Exact copies of the lines below, from the one with "Mavis Leather Chair" up to and including the one with "Купить Лампа светодиодная", are what this calls for; leave out pictures.

* _INFORMATION PROVIDED_:

-*-*-

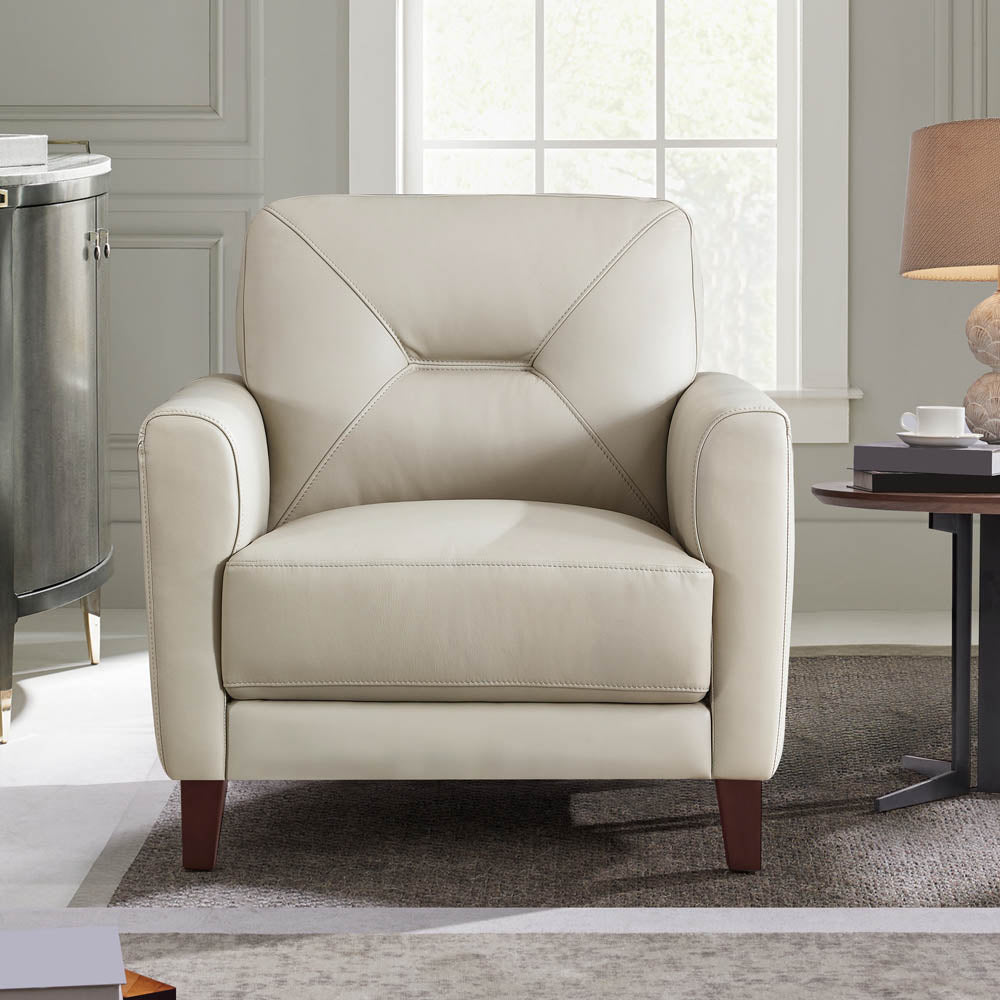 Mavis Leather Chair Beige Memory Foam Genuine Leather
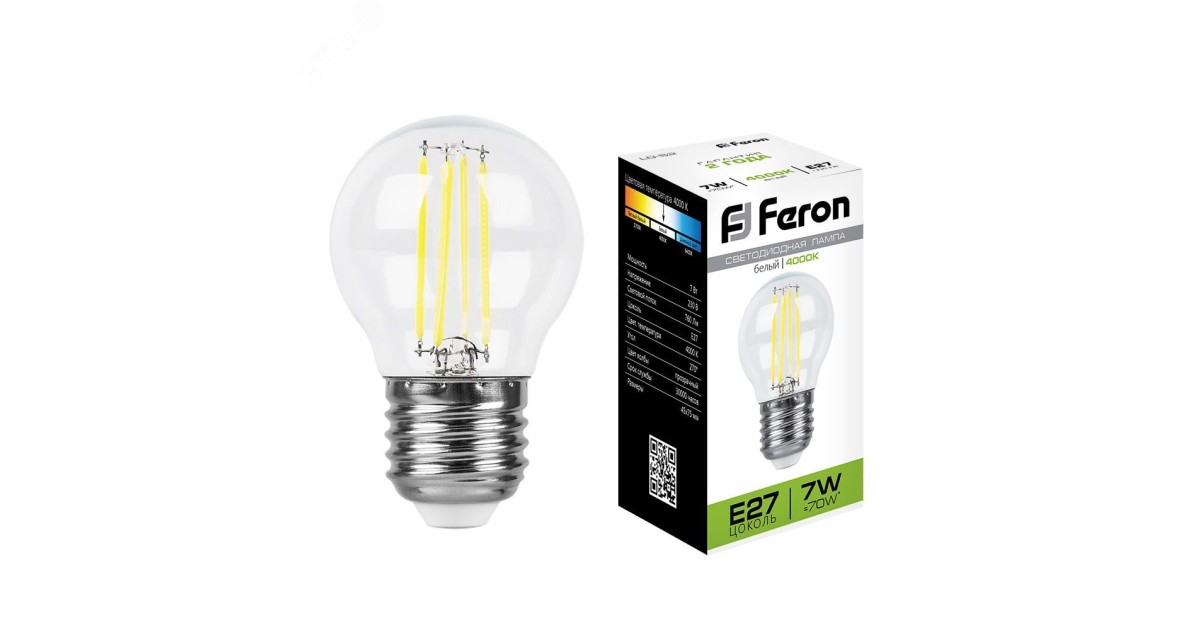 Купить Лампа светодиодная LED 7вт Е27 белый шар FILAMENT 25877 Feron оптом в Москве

-*-*-

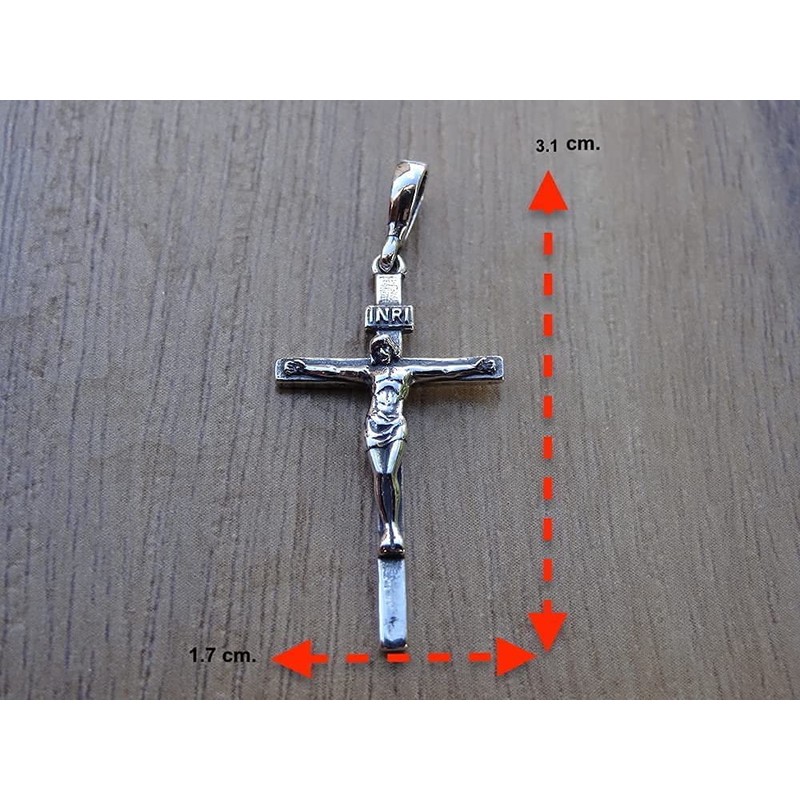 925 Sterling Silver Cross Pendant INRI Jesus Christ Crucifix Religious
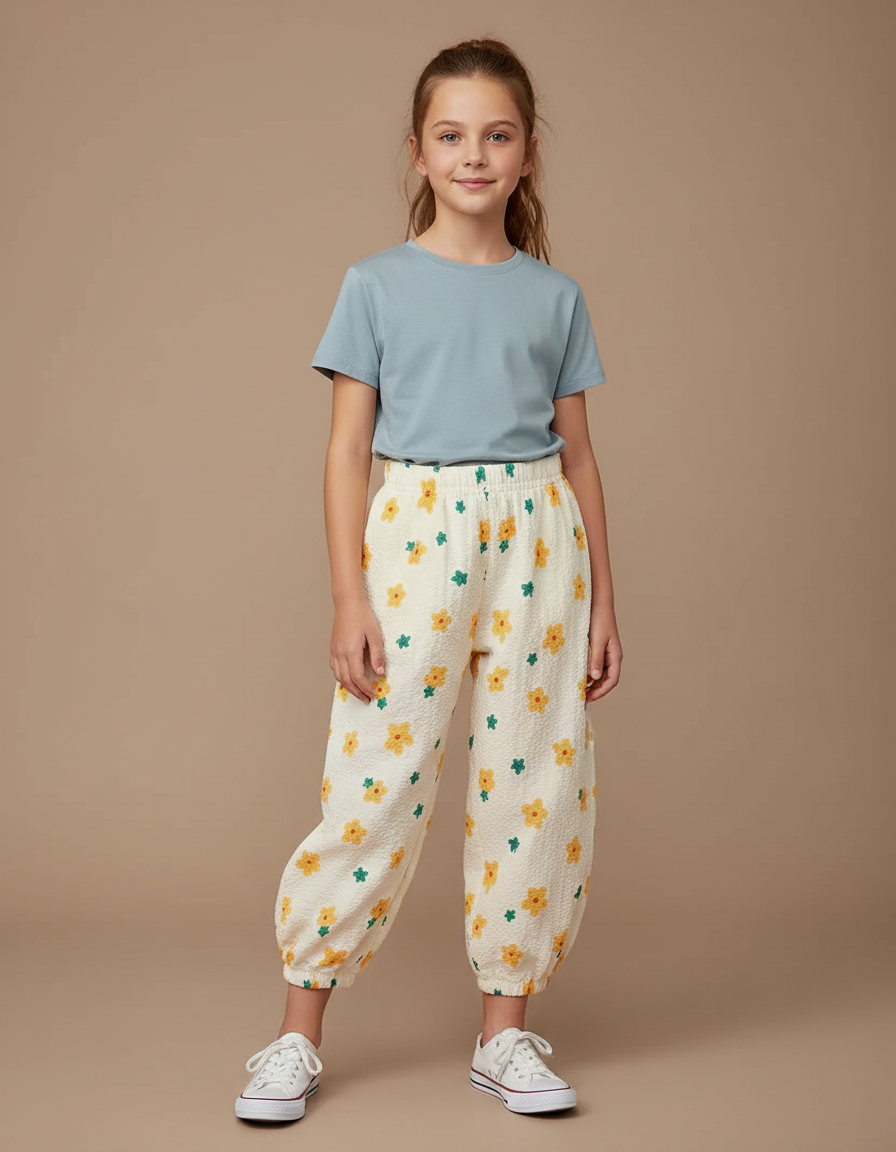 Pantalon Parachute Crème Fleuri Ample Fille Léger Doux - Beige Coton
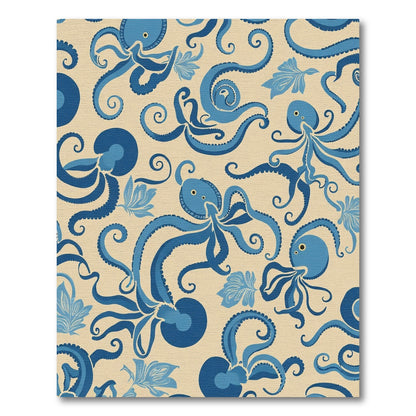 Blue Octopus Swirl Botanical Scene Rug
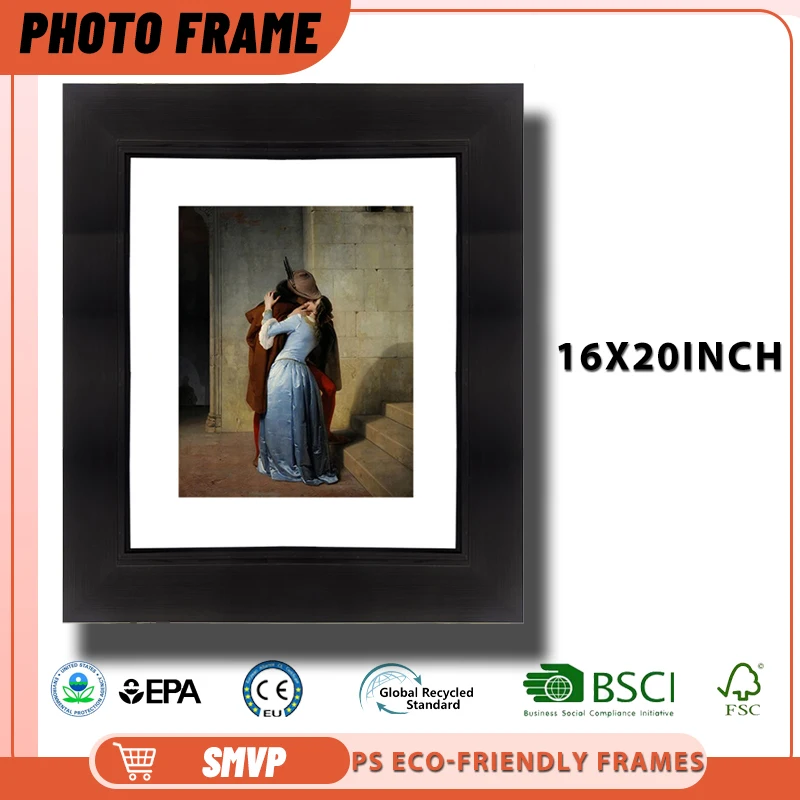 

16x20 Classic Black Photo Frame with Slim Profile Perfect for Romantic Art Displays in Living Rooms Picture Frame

-*-*-

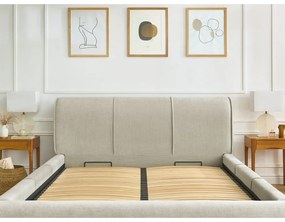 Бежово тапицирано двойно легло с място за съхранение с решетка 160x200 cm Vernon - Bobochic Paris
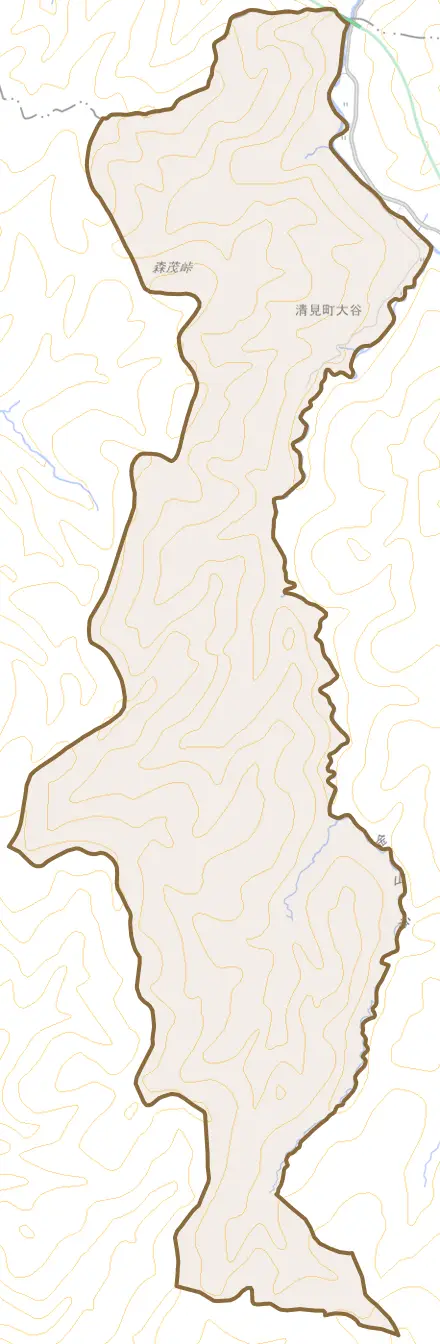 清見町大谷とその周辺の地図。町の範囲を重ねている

-*-*-

* _EXERCISE RESULT_:
 Mavis Leather Chair Beige Memory Foam Genuine Leather
 Купить Лампа светодиодная LED 7вт Е27 белый шар FILAMENT 25877 Feron оптом в Москве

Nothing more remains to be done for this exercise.